Caffeine and POTS/Dysautonomia: Why to Avoid and Alternatives to Try

My sister and dad are massive coffee enthusiasts– they cannot start their mornings without that tall cup of joe. My friends swore by 5-Hour Energy and Red Bull, but caffeine and I have never formed that close of a relationship. My roommate would prepare a liter of coffee before class and I would make my own coffee drink: ½ cup of coffee, 2 cups almond milk, and 5 packets of sugar. But even that ½ cup of coffee was too much, and I would soon feel my heart racing for hours.

I realized that caffeine and I would be mortal enemies when an ex gave me a box of caffeinated chocolate balls for Valentine’s Day. As a chocoholic, I immediately downed five of these chocolate balls of terror– only to find out that every two balls was equal to a cup of coffee in caffeine. Let’s just say I never drank water faster in my life to try and flush it all out.

I turned to decaf, which still gave me some palpitations, but who needed coffee anyways? I survived college without the caffeine boost and was fine without it.

But then I was diagnosed with Postural Orthostatic Tachycardia Syndrome, or POTS, and learned with a heavy heart that all stimulants, not just coffee were on the goodbye train.

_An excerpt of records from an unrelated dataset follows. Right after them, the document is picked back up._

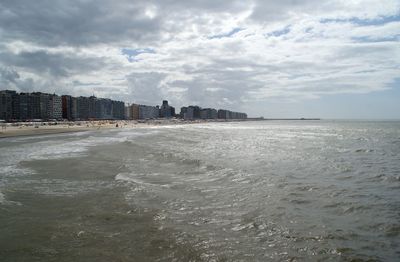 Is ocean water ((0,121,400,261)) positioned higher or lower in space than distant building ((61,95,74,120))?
lower

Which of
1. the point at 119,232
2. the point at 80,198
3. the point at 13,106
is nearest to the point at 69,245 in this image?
the point at 119,232

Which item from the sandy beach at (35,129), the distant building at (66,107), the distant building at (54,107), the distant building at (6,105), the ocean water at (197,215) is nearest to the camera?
the ocean water at (197,215)

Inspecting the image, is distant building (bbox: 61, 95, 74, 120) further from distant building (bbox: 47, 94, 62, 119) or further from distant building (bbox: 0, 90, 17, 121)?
distant building (bbox: 0, 90, 17, 121)

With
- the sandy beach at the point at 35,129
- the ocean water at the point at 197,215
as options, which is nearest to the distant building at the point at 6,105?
the sandy beach at the point at 35,129

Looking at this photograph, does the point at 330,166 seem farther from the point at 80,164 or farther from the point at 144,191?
the point at 80,164

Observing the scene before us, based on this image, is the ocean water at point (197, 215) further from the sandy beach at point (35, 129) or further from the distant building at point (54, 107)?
the distant building at point (54, 107)

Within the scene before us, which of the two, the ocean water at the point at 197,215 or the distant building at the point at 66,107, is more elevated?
the distant building at the point at 66,107

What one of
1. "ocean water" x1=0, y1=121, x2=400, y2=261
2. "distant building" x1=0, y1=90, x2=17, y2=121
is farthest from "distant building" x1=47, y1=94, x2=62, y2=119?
"ocean water" x1=0, y1=121, x2=400, y2=261

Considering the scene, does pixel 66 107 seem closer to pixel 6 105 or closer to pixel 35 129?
pixel 6 105

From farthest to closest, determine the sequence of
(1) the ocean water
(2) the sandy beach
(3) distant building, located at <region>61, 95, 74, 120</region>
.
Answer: (3) distant building, located at <region>61, 95, 74, 120</region>, (2) the sandy beach, (1) the ocean water

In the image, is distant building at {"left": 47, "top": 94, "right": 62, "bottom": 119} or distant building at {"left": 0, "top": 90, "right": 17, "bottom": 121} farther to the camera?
distant building at {"left": 47, "top": 94, "right": 62, "bottom": 119}

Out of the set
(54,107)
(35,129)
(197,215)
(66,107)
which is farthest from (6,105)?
(197,215)

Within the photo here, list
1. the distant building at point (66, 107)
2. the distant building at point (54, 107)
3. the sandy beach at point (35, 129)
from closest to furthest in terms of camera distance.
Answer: the sandy beach at point (35, 129) < the distant building at point (54, 107) < the distant building at point (66, 107)

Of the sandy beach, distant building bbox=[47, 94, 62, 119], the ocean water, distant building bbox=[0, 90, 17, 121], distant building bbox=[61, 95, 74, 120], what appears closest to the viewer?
the ocean water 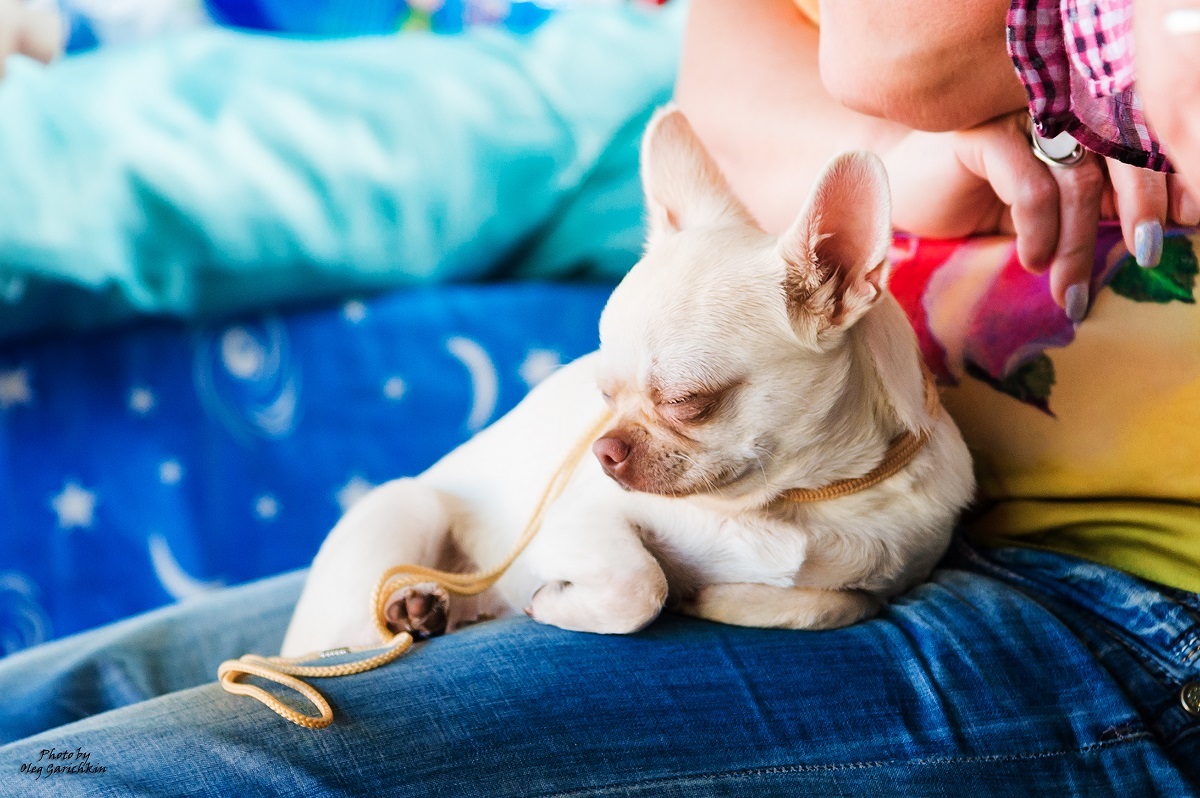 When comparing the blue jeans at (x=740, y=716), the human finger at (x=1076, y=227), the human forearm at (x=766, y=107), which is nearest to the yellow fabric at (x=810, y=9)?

Sugar, soda, chocolate, coffee, caffeinated teas, sweet tea, desserts… all GONE.

Now let’s refer back to my old coffee drink recipe and my sugar packet preference. Yes, five packets of sugar. Sugar and I are a tale as old as time and it was a rough break up.

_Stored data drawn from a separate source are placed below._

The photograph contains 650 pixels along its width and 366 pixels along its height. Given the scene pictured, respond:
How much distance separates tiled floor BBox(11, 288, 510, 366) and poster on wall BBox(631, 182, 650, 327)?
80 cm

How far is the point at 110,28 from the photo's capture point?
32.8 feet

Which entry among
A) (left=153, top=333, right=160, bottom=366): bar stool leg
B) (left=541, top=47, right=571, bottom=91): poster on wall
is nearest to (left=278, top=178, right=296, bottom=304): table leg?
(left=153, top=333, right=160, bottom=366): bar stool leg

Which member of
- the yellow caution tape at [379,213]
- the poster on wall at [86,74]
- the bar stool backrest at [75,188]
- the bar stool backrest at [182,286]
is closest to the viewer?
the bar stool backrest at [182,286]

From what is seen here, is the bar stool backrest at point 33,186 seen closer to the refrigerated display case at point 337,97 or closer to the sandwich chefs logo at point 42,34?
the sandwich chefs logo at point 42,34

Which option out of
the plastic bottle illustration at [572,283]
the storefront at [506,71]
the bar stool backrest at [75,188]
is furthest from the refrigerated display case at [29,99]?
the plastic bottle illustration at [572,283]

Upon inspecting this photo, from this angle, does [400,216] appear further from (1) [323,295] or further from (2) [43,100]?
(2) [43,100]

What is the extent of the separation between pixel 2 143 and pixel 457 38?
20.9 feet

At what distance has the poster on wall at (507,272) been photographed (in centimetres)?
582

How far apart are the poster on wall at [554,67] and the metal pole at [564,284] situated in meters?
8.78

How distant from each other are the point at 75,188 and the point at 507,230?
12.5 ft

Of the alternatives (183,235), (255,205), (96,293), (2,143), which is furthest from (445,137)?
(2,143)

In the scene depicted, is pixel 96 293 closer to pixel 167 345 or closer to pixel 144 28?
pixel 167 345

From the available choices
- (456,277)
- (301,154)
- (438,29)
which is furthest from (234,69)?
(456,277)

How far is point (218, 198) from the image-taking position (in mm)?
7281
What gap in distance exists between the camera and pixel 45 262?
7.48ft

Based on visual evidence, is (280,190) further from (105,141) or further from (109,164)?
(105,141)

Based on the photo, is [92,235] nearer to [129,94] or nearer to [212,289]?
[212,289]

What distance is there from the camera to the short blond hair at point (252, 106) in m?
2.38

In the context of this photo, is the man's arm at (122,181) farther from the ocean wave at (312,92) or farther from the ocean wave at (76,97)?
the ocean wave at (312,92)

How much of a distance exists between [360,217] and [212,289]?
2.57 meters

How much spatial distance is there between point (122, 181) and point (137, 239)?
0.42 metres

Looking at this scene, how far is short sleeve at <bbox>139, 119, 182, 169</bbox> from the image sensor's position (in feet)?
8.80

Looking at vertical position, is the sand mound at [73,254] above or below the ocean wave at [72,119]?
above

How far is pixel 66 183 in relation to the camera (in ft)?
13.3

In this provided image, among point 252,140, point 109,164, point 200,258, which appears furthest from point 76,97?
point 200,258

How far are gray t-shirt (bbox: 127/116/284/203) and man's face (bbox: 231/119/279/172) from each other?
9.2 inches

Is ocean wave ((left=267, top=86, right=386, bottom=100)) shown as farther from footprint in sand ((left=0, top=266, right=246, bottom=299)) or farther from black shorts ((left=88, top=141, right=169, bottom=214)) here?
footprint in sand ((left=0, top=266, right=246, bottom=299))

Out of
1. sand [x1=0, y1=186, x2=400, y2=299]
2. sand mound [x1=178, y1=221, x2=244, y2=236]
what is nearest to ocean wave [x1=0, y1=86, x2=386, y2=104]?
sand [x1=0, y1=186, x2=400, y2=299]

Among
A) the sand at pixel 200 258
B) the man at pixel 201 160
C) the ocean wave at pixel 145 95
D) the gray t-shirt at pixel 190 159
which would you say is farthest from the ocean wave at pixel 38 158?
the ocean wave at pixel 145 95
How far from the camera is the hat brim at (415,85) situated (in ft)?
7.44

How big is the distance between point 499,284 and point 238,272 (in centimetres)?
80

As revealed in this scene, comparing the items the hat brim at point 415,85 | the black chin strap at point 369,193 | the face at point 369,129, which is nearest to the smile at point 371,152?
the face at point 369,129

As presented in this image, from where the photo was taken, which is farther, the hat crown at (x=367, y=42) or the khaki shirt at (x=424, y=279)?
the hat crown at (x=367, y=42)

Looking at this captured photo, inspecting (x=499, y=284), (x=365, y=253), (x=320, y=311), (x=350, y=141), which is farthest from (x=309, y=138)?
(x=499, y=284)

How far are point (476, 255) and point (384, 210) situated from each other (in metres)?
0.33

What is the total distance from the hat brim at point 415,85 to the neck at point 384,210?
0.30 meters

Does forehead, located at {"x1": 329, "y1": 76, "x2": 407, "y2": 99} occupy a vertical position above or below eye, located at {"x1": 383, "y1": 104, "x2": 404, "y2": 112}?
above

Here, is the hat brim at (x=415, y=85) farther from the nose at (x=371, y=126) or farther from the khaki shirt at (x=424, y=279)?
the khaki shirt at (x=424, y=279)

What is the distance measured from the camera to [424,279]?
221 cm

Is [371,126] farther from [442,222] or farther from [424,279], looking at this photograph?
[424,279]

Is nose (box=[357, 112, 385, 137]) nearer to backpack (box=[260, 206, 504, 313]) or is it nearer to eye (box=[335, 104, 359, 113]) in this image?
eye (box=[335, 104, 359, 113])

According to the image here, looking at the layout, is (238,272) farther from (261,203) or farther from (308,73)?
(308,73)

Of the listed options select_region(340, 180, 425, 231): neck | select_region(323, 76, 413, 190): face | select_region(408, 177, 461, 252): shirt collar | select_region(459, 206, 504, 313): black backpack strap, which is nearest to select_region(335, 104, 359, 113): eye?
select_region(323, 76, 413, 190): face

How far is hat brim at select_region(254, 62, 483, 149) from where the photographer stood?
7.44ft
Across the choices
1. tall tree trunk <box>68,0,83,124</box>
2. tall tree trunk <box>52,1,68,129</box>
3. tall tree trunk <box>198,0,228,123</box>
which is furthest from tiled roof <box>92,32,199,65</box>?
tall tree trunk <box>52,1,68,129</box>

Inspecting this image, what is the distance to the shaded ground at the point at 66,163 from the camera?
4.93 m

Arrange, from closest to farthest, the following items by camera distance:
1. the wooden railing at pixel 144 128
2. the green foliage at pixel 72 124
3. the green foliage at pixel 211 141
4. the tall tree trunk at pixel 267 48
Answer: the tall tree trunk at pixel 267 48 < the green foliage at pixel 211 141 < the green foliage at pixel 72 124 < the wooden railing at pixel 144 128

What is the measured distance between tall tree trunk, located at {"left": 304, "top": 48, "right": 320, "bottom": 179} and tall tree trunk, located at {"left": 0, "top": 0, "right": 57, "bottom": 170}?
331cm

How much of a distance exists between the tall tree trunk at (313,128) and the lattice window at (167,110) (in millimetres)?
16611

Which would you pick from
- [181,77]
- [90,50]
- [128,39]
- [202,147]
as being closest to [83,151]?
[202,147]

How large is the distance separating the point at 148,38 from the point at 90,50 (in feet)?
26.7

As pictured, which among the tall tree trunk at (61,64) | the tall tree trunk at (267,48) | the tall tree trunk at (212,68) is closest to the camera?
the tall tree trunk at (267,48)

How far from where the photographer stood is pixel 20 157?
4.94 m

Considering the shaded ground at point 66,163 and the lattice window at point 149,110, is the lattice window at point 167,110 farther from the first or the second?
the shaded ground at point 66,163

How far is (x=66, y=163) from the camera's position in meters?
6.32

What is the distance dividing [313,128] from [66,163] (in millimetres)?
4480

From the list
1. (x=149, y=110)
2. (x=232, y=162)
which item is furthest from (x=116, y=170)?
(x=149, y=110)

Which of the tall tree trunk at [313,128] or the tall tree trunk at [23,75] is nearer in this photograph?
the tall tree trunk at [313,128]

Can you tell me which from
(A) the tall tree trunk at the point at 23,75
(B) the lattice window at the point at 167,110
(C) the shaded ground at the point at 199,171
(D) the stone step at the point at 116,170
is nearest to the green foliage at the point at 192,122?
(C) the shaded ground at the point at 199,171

Some fellow POTsies may be questioning this advice, but when you have a 65 BPM to 180 BPM within thirty seconds of standing AND you are allergic to beta blockers, you will quickly realize all advice is welcome.

But in the end, was the advice helpful? More than a year has passed since I’ve had chocolate or any caffeinated drink and I have only had sugar a handful of times. Even a small slice a cake, a spoonful of ice cream or a few jelly beans raised my resting heart rate. Sometimes for hours. So I’d say sugar and caffeine are off my radar for the near future.

Although I’m now at the “acceptance” stage in grieving my loss of delicious Ritter Sport Marzipan and Bojangles sweet tea goodness, I still try and find alternatives to quench those sugar cravings.

However, finding alternatives that also work with my old and newer dietary restrictions are no easy feat.

Is it possible to make a brownie that is gluten, dairy, soy, nut, and sugar free? Not to mention low histamine.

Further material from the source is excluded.